Macau's New Visa Problem
Local economy got you down? Tired of the double-digit unemployment in your home economy? Don't like living in those freezing winters? Well my friend, move to sunny Macau. The subtropical climate creates an endless stream of beach weather. More importantly, the unemployment rate is already a low 2.9% . Plus, the casino companies have restarted their major projects. Sands and Galaxy are working on their mothball projects. Wynn and MGM are beginning to get serious and plan for their Cotai resorts. Come work in Macau! Oh wait you can't, your not Macanese.
The Macau SAR government is getting rather picky who people hire in the current boom. This is a familiar theme for Casino operation, as companies were required to hire Macau residents for many jobs, particularly in operations. Yet the problem is stretching to other areas. The SAR has cut their foreign workers by a third over the past two years.
This has had a considerable impact on the construction going on. Recently both Sands Las Vegas and Galaxy announced their restarted construction would be delayed due to the lack of construction workers. Galaxy's initial announcement that a majority of the workers on its restarted projected would be Macanese was greeted with skepticism in the local press. The skeptics were later confirmed when Galaxy publicly asked the government to reconsider its 1-to-1 hiring rule for construction workers at the same time the announced their delay.
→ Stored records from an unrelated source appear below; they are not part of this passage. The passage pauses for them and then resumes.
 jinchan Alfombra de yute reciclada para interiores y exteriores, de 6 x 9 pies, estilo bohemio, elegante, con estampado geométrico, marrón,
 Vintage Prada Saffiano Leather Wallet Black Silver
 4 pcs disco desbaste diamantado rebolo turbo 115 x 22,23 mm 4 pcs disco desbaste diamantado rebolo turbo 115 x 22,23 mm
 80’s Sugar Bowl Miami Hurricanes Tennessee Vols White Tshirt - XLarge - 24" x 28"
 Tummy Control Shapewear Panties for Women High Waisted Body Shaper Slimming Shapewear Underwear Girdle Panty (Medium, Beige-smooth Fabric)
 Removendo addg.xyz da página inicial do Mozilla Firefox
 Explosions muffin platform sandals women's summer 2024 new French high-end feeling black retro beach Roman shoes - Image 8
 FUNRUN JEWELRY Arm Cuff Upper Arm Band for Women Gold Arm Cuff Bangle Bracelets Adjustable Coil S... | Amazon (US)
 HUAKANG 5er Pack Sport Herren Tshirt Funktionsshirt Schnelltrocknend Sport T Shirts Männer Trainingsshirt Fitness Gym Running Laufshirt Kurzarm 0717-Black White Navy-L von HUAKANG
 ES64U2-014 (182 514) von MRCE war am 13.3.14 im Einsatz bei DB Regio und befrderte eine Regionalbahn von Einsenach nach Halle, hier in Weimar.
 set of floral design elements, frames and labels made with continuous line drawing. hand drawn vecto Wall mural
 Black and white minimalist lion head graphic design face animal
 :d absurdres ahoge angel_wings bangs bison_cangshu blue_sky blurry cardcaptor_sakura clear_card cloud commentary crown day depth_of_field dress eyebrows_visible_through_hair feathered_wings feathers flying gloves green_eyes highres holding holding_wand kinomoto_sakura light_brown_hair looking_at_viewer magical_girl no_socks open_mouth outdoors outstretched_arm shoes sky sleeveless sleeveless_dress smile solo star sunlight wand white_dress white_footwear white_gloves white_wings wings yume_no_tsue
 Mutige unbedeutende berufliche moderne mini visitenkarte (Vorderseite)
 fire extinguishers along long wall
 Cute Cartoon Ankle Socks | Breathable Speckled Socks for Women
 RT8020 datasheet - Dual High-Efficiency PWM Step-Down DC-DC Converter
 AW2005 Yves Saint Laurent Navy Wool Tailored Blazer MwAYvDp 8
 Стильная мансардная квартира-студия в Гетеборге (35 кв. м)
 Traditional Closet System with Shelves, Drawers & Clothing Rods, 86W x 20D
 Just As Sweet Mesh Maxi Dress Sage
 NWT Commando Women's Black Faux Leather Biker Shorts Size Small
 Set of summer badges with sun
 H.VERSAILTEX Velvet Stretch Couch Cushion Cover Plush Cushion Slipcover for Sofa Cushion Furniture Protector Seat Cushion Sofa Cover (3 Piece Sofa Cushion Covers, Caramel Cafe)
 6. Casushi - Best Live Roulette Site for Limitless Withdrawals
The general consensus is the more restrictive guest worker rules are a function of the economic crisis that affected Macau, and will be relaxed. I am not sure of that. First, historically Macau has been worried about low-cost mainland labor will flood the SAR, not ot mention the usual smattering of low-cost labor from SE Asian centers like Indonesia and the Philippines. These rules coupled with the casino boom have lead an usually high unemployment rate to be cut in half over the past decade. They may not want to kill the goose laying the politically golden egg.
This might prove to be a bit foolish long term however. In the current shortage many point out that those employed either do not want to be involved in gaming, or do not have the needed skills to work in the business. Also the shortage of skilled workers can cripple other industries looking for work, thus hampering a recently announced drive to reduce the reliance on casinos.